Home Learning | Papa Kāinga TV lessons are being used by schools for the Deaf through their TuriTV television site, with a sign language overlay and are available throughout the Pacific, with some countries looking to host the lessons on their own television networks.

The lessons developed and presented by teachers for Home Learning | Papa Kāinga TV will become part of a bank of resources that teachers, parents and learners will continue to have access to for some time to come.

Home Learning | Papa Kāinga TV is available on Freeview channel 7, Sky channel 502 and Vodafone TV channel 502 between 9am and 3pm. The channel is available to live stream on TVNZ OnDemand and all of the lessons are available to re-watch on TVNZ OnDemand(external link) too. 

 

 Q&A with Te Mete Loman

Q & A with Te Mete Loman 

Te Mete Loman, a teacher at Middle School West Auckland, teaches senior te reo Māori lessons on Home Learning | Papa Kāinga TV.

Q: How does it feel to be part of an initiative to take education into the homes of children and young people across Aotearoa in such extraordinary circumstances?

A: It has been an absolute privilege to take part in this kaupapa, and humbling to think that my personal investment in myself as a professional and as a practitioner, not to mention those who have actively contributed to who I am as an educator, is now touching more learners than ever. 

Being part of this kaupapa also contributes to my deep-seated desire to generate change in our education system, particularly for those learners who are the most vulnerable, and sadly my people (Māori) are still heavily occupying that space.

I have felt that this is an opportunity to share my passion for te reo Māori and make it accessible to so many who would usually not have access to it, or at least in a quality format, and it seems as though it is being received very positively.
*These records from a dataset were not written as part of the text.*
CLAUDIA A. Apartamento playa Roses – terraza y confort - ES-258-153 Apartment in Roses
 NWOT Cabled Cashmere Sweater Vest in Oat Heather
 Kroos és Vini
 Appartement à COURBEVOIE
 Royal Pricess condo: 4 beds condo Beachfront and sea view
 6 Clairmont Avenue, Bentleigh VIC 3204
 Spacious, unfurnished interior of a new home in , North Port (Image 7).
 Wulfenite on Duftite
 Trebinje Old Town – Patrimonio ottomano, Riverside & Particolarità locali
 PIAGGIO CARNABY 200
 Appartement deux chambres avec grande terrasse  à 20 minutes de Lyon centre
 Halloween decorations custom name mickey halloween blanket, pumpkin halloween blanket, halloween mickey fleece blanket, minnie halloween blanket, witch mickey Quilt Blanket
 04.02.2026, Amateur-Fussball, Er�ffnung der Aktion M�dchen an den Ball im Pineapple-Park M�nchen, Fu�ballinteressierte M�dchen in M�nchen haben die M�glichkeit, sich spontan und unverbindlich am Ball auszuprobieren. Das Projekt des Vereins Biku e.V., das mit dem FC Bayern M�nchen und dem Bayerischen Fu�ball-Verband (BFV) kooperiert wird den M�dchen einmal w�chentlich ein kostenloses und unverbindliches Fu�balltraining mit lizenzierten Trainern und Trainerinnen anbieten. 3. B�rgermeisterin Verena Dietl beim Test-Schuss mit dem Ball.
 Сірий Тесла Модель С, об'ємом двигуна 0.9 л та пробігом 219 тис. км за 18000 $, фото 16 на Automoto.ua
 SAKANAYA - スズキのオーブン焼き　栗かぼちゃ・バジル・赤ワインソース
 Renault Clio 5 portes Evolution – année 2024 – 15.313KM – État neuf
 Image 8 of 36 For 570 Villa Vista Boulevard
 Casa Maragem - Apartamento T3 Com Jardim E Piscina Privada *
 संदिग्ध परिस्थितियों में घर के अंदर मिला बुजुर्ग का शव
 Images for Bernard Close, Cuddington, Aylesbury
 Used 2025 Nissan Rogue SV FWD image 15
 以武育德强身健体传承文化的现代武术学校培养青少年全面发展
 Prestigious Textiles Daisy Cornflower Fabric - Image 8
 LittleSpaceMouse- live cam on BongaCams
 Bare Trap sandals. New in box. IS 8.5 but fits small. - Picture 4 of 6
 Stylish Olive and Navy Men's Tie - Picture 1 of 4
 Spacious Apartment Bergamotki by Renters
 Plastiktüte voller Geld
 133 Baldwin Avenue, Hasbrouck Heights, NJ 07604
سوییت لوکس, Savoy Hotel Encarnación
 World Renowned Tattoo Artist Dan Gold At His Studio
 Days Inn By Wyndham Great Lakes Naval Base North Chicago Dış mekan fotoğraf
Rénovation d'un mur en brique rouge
So much so that it seems the te reo Māori segments have attracted many more viewers than just those who were the target audience.

This is a heart-warming aspect in itself that we are able to excite and entice all-aged learners into wanting to engage with our language and culture.

Q: What’s the most challenging aspect of teaching on television? How different is it from teaching in a classroom?

A: There are a couple of difficulties that I faced, the first being the fact that the only energy in the room is mine. I realised how crucial the energy of the learners in the space is to creating a learning environment that is alive. Instead I had to develop what could possibly be classified as an imaginary classroom in my head with imaginary learners in front of me that were responding. 

The second challenge was the amount of planning that needed to go into the lessons. This of course is all of the things that nobody sees, but for a single 25-minute episode, there is in excess of five hours’ planning. So, trying to juggle that commitment with being in lockdown with my own children and continuing with my online teaching commitments, it was definitely a challenge. 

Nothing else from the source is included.